In [1]:
### Prepare your image data

from torch.utils.data import TensorDataset
import os
import torch
import torch.nn as nn
from torch.utils.data import DataLoader
import torchvision
from torch.utils.data import Dataset
import urllib.request
from urllib.error import HTTPError

# Generate a random set of images (TODO: replace with your images)
num_images = 600
image_height, image_width = 224, 224
random_grayscale_images = torch.rand((num_images, 1, image_height, image_width), dtype=torch.float32)
random_rgb_images = random_grayscale_images.repeat(1, 3, 1, 1)  # Shape: (N, 3, H, W)
random_labels = torch.arange(0, num_images)
image_dataset = TensorDataset(random_rgb_images, random_labels) # Shape: torch.Size([600, 3, 224, 224])

In [2]:
### Run images through a pretrained SimCLR model and extract features
class SimCLR(nn.Module):
    def __init__(self, hidden_dim=128):
        super().__init__()

        # Base ResNet18 backbone (pretrained=False, because we load custom weights later, from the SimCLR checkpoint file)
        self.convnet = torchvision.models.resnet18(pretrained=False)
        
        # This is the projection head, only needed during training.
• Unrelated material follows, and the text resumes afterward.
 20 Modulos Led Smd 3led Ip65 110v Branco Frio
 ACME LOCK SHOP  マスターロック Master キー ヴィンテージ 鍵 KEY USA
For downstream tasks it is disposed of
        # and the final linear layer output is used (Chen et al., 2020) 
        self.convnet.fc = nn.Sequential(
            nn.Linear(self.convnet.fc.in_features, 4 * hidden_dim),
            nn.ReLU(inplace=True),
            nn.Linear(4 * hidden_dim, hidden_dim)
        )

        self.activations = {}
        self.num_workers = os.cpu_count()
        self.device = torch.device("cuda:0") if torch.cuda.is_available() else torch.device("cpu")
        self._register_hooks()

    def _register_hooks(self):
        """
        Register forward hooks to capture activations of convolutional layers.
        """
        def hook_fn(layer_name):
            def hook(module, input, output):
                if layer_name not in self.activations:
                    self.activations[layer_name] = []
                self.activations[layer_name].append(output.detach().cpu())
            return hook

        # Register hooks for all convolutional layers
        for name, layer in self.convnet.named_modules():
            if isinstance(layer, nn.Conv2d):
                layer.register_forward_hook(hook_fn(name))

    def load_pretrained(self):
        """
        Load pretrained SimCLR weights
        """
        base_url = "https://raw.githubusercontent.com/phlippe/saved_models/main/tutorial17/"
        models_dir = "../../models"
        pretrained_simclr_filename = "SimCLR.ckpt"
        pretrained_simclr_path = os.path.join(models_dir, pretrained_simclr_filename)
        os.makedirs(models_dir, exist_ok=True)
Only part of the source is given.